WORK INSTRUCTIONS. Begin at the line containing "QR Code for" in the records below, end at the line containing "ONEW songs list in order - Chosic", and retype each line in that span exactly. No other line and no image should appear.

_ _ _ _ _

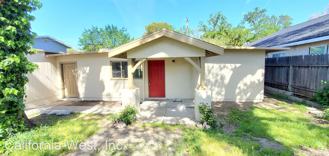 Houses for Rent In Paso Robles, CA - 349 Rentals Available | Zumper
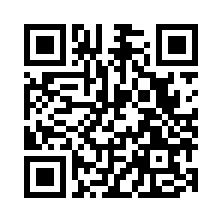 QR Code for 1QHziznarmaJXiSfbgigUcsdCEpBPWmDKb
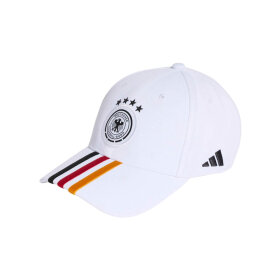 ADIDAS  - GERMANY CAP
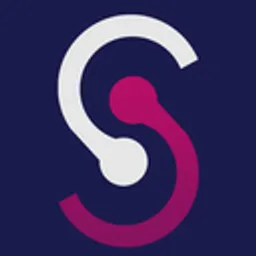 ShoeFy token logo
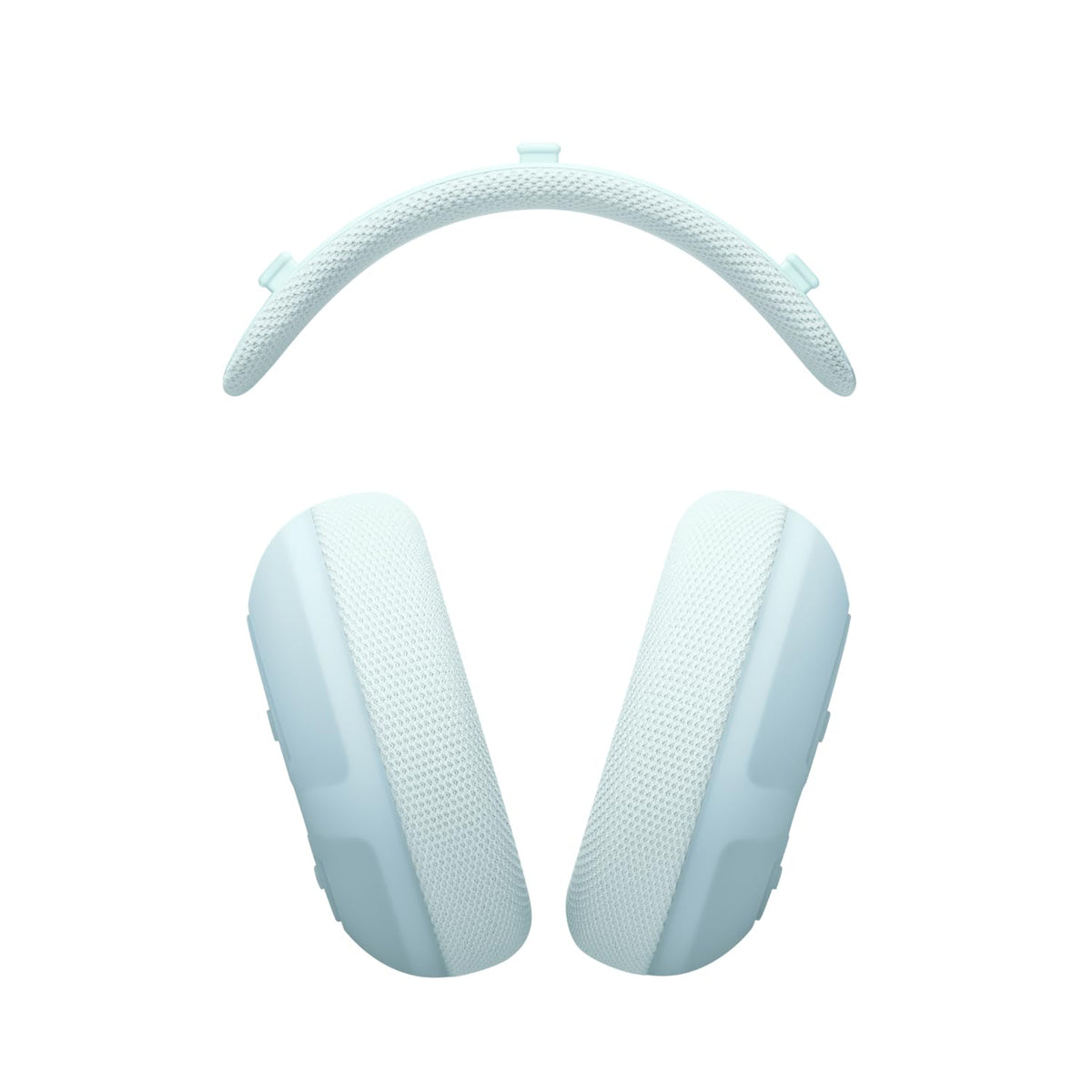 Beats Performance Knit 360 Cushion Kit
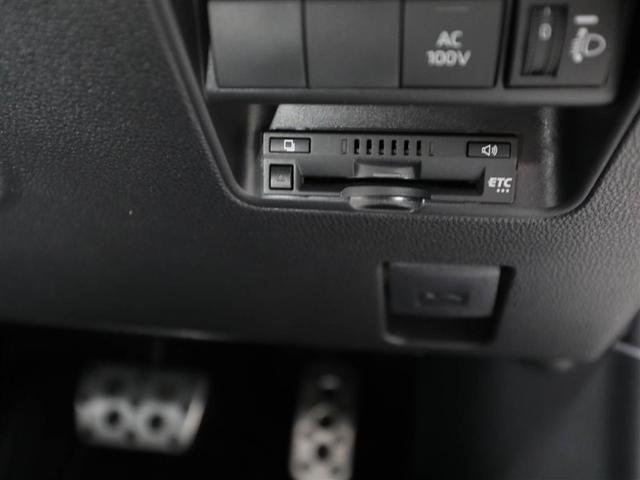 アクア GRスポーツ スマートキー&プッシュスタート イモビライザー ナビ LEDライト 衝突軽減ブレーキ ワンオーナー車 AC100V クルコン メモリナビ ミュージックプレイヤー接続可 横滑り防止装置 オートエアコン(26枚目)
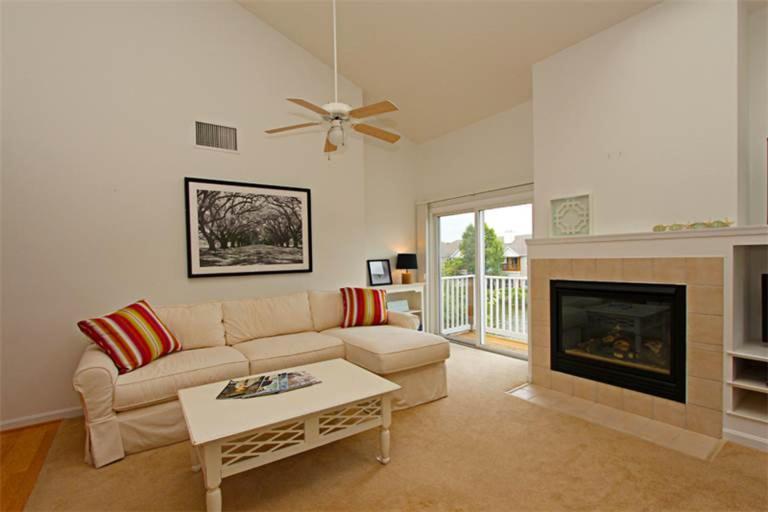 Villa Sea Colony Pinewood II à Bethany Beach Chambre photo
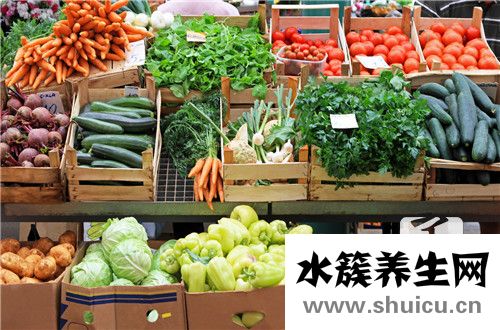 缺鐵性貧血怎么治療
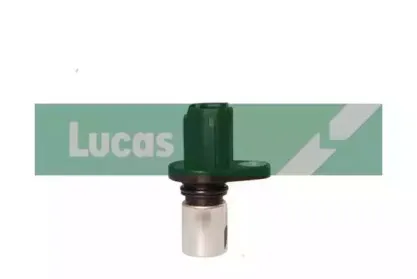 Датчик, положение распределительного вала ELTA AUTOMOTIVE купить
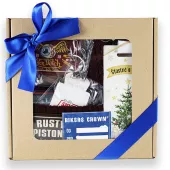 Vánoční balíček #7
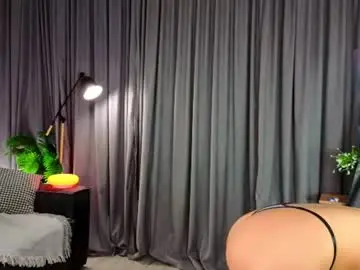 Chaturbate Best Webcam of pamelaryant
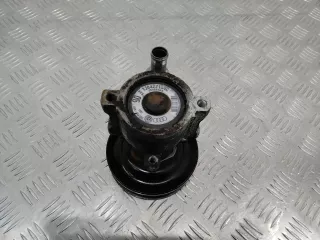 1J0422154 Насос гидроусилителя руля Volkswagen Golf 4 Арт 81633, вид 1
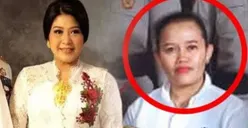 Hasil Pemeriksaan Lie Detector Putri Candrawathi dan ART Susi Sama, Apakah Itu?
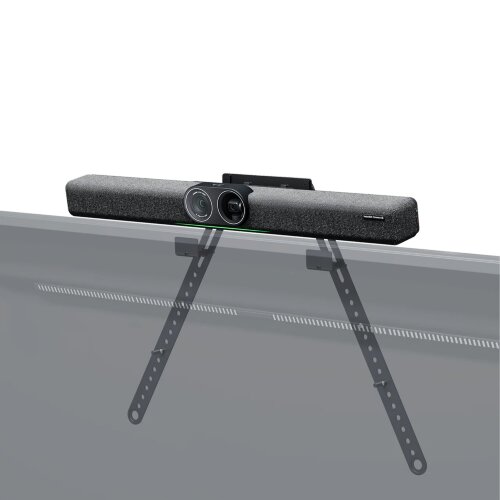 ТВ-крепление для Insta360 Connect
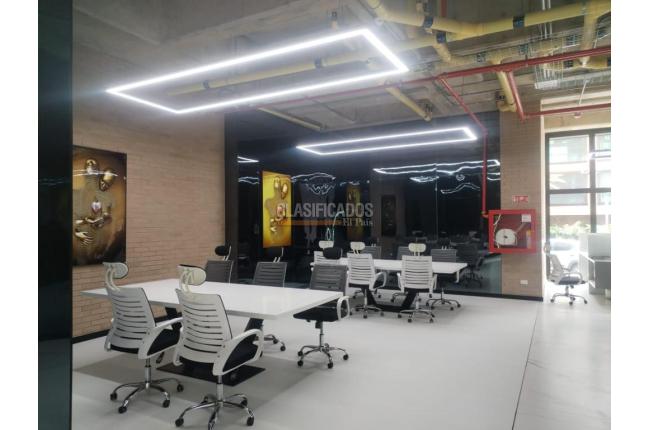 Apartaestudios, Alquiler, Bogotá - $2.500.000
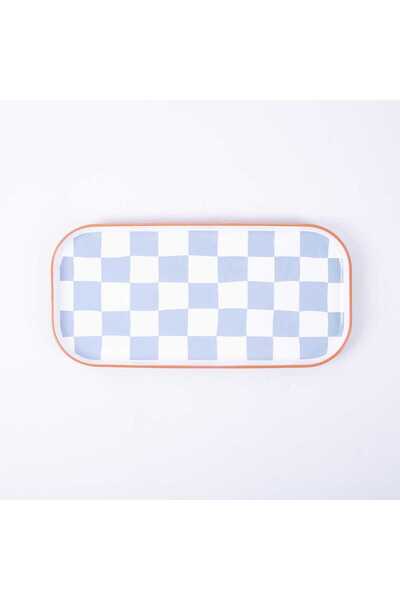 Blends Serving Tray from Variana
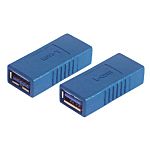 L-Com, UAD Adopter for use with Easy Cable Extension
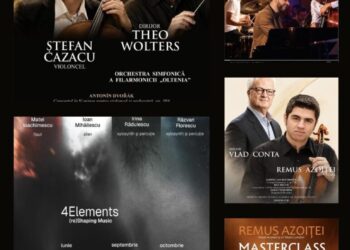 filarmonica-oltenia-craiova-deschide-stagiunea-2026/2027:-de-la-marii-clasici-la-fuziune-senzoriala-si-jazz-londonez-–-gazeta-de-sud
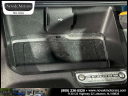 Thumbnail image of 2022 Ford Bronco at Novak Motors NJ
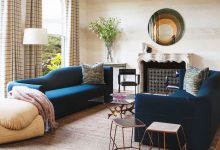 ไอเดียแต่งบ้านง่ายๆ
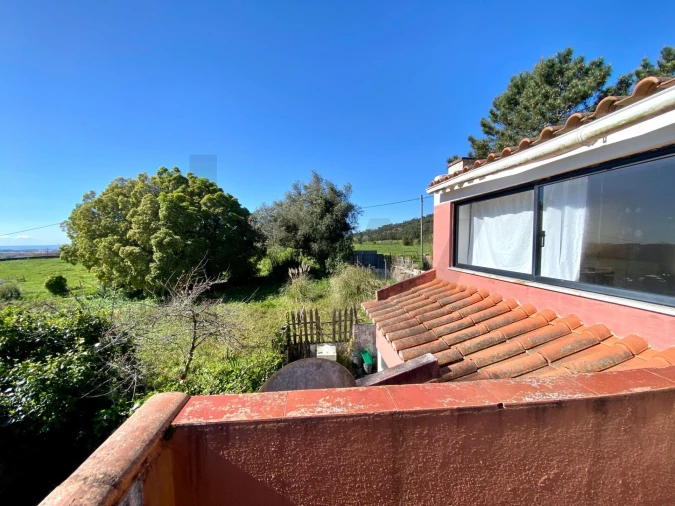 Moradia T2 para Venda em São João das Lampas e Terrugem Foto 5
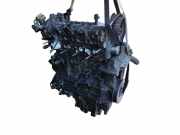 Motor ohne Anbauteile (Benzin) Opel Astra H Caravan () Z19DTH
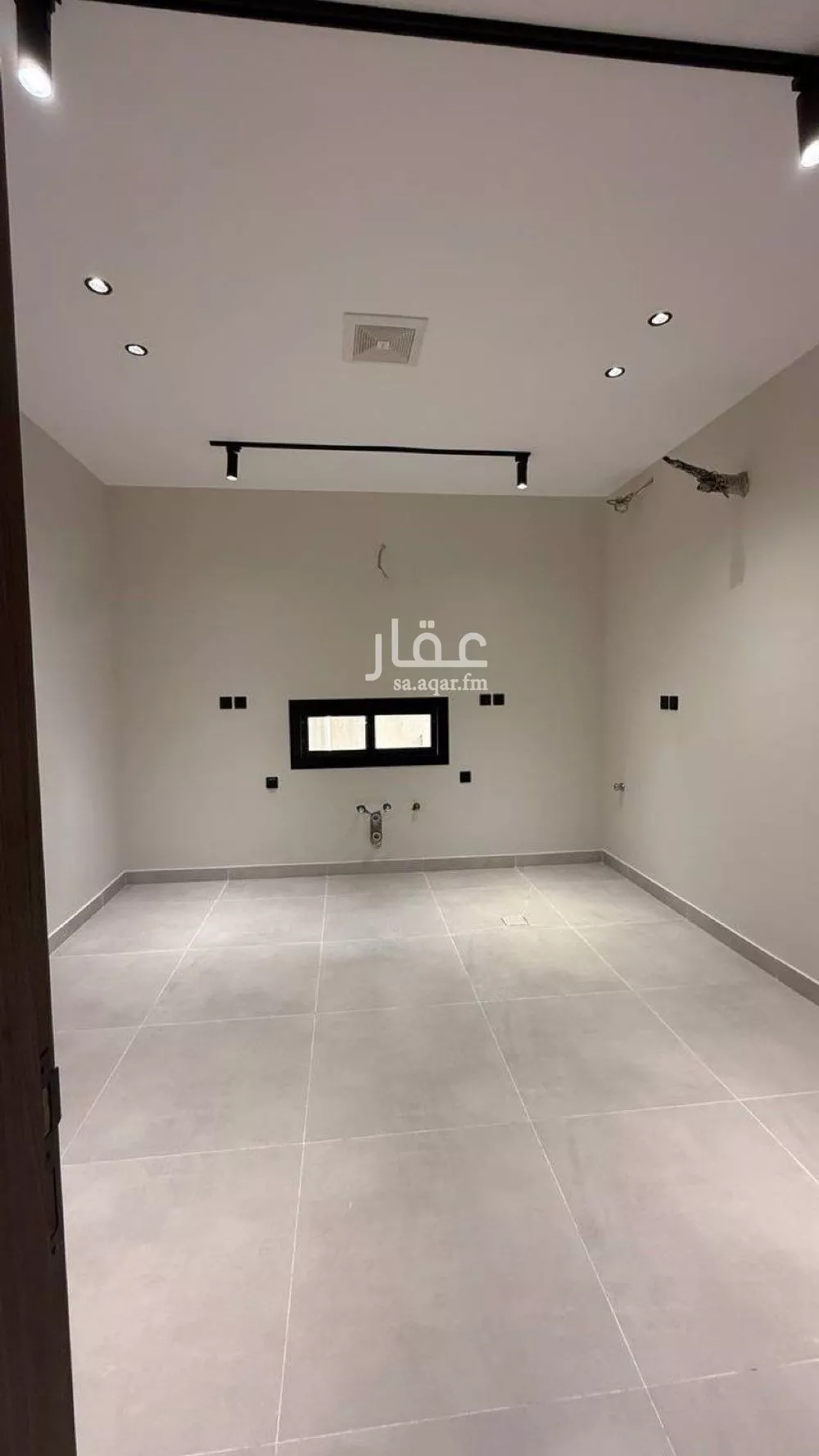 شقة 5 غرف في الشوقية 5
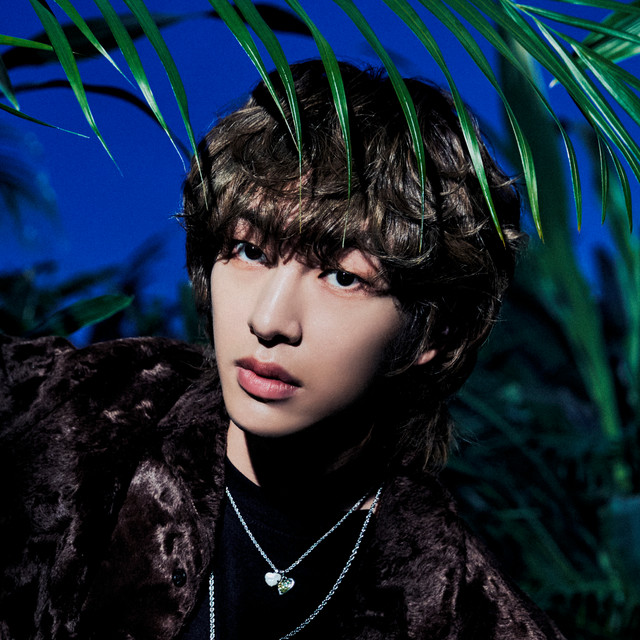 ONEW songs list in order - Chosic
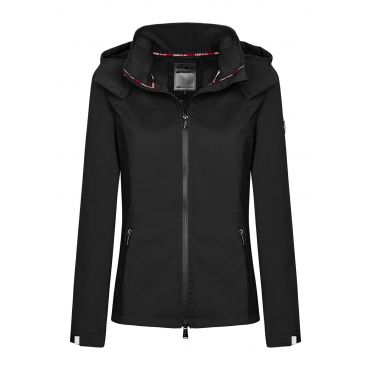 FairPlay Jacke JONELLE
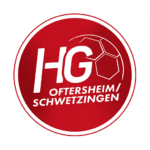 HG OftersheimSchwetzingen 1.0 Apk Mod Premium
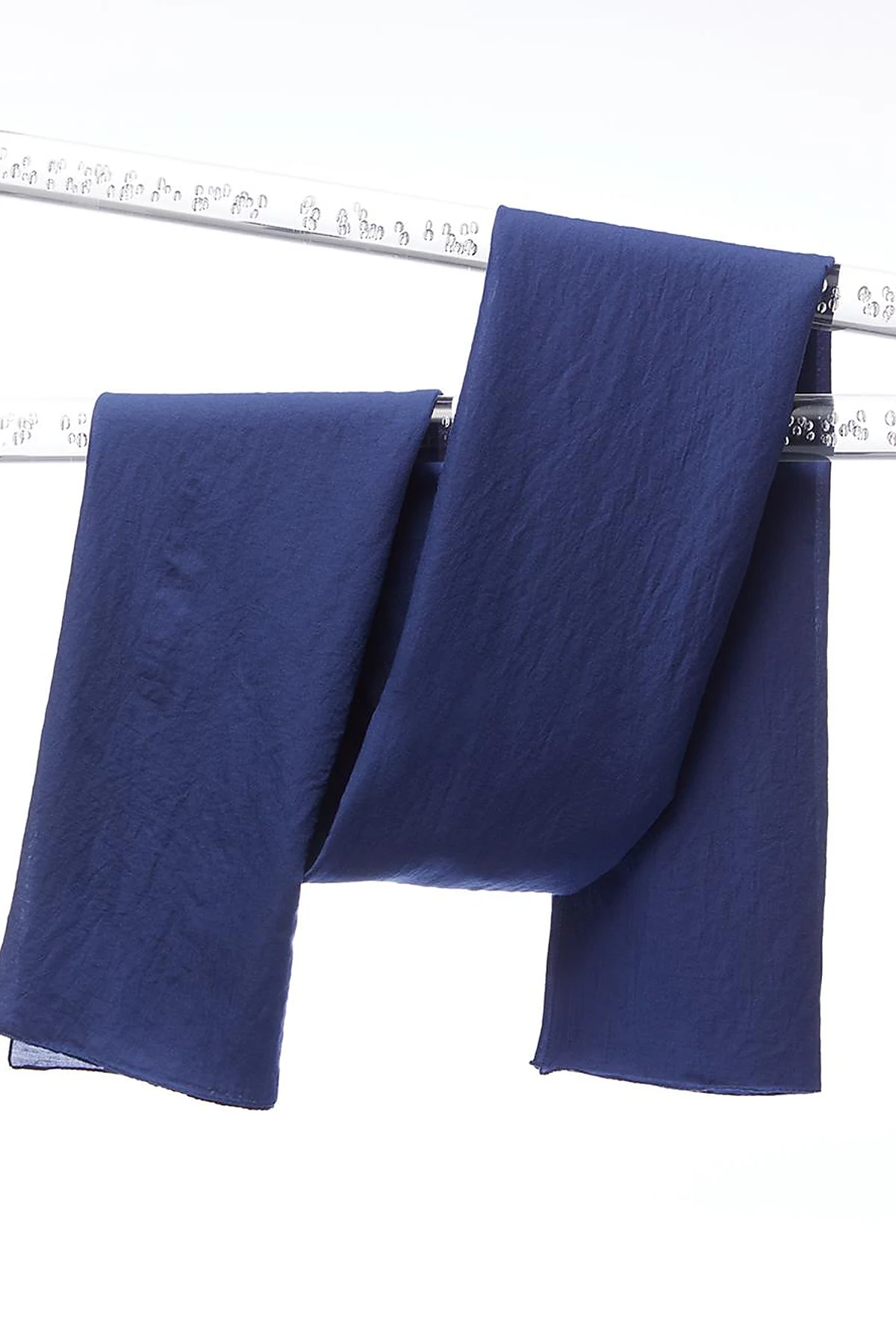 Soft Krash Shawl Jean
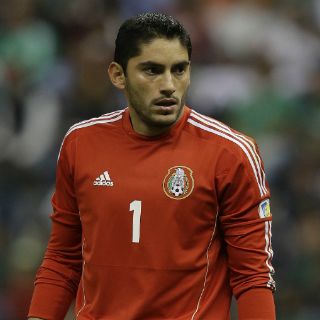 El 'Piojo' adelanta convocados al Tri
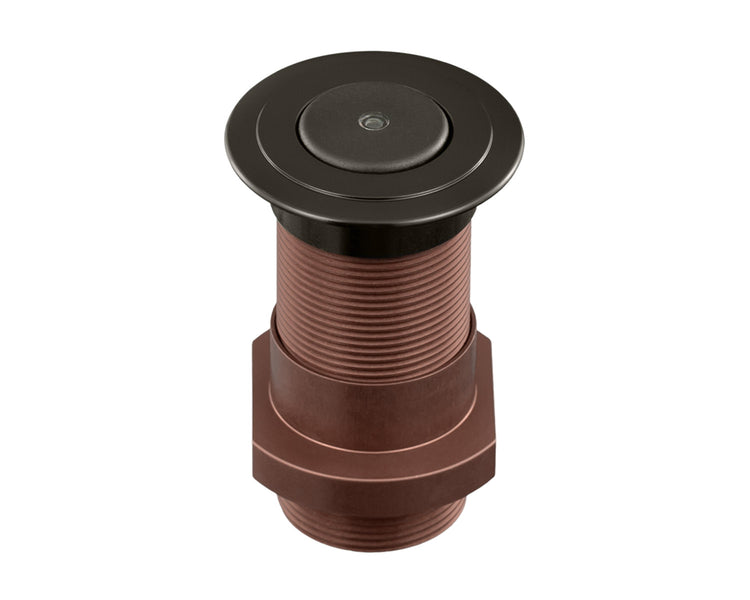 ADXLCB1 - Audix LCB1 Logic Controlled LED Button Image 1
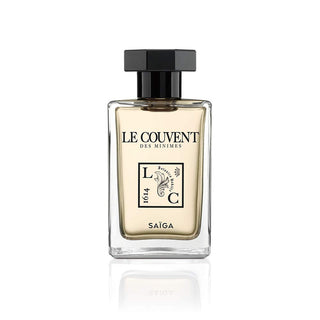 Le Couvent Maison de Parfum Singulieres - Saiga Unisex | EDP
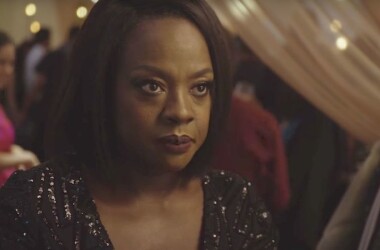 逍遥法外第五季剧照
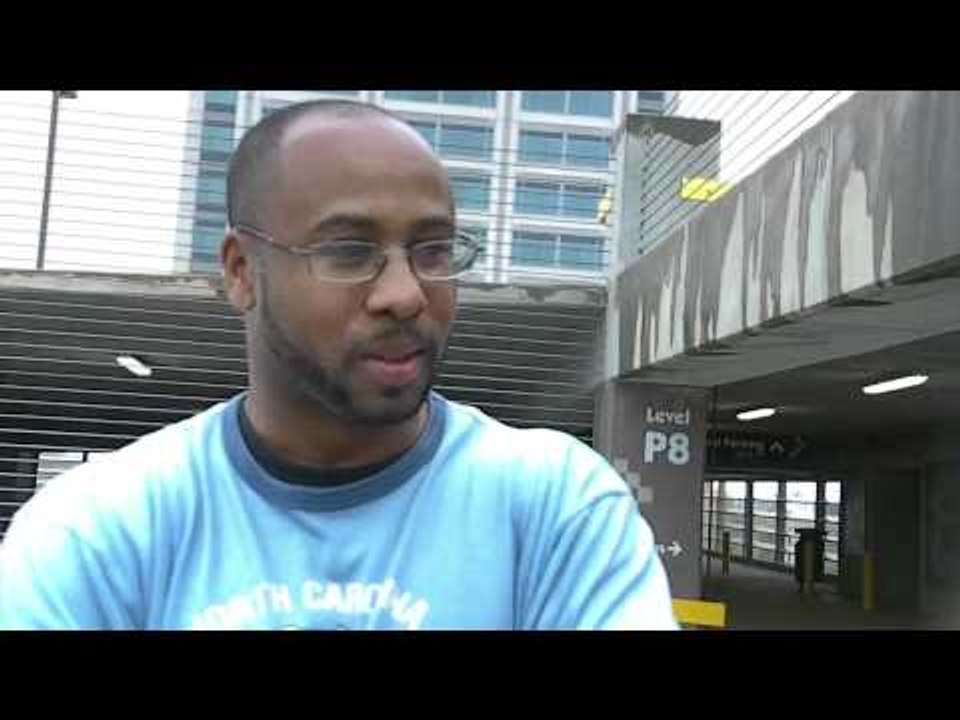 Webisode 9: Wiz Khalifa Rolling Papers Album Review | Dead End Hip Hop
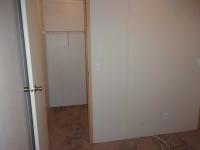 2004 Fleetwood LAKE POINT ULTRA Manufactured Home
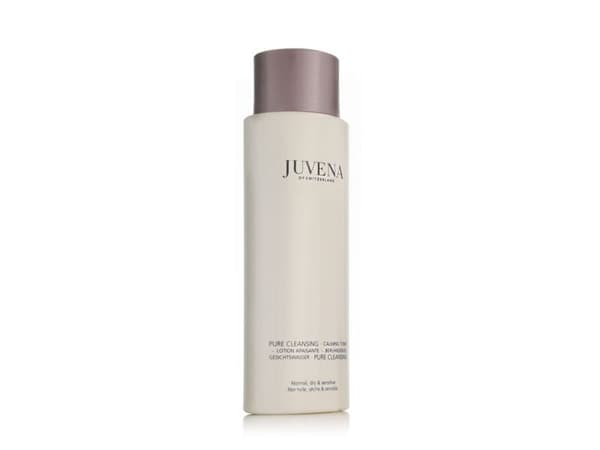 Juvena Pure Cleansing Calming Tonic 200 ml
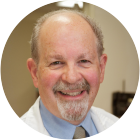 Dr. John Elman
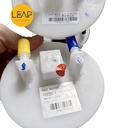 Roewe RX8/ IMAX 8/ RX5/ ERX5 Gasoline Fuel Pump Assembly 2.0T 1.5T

_ _ _ _ _

RESPONSE.
 QR Code for 1QHziznarmaJXiSfbgigUcsdCEpBPWmDKb
 ADIDAS  - GERMANY CAP
 ShoeFy token logo
 Beats Performance Knit 360 Cushion Kit
 アクア GRスポーツ スマートキー&プッシュスタート イモビライザー ナビ LEDライト 衝突軽減ブレーキ ワンオーナー車 AC100V クルコン メモリナビ ミュージックプレイヤー接続可 横滑り防止装置 オートエアコン(26枚目)
 Villa Sea Colony Pinewood II à Bethany Beach Chambre photo
 缺鐵性貧血怎么治療
 Датчик, положение распределительного вала ELTA AUTOMOTIVE купить
 Vánoční balíček #7
 Chaturbate Best Webcam of pamelaryant
 1J0422154 Насос гидроусилителя руля Volkswagen Golf 4 Арт 81633, вид 1
 Hasil Pemeriksaan Lie Detector Putri Candrawathi dan ART Susi Sama, Apakah Itu?
 ТВ-крепление для Insta360 Connect
 Apartaestudios, Alquiler, Bogotá - $2.500.000
 Blends Serving Tray from Variana
 L-Com, UAD Adopter for use with Easy Cable Extension
 filarmonica-oltenia-craiova-deschide-stagiunea-2026/2027:-de-la-marii-clasici-la-fuziune-senzoriala-si-jazz-londonez-–-gazeta-de-sud
 Thumbnail image of 2022 Ford Bronco at Novak Motors NJ
 ไอเดียแต่งบ้านง่ายๆ
 Moradia T2 para Venda em São João das Lampas e Terrugem Foto 5
 Motor ohne Anbauteile (Benzin) Opel Astra H Caravan () Z19DTH
 شقة 5 غرف في الشوقية 5
 ONEW songs list in order - Chosic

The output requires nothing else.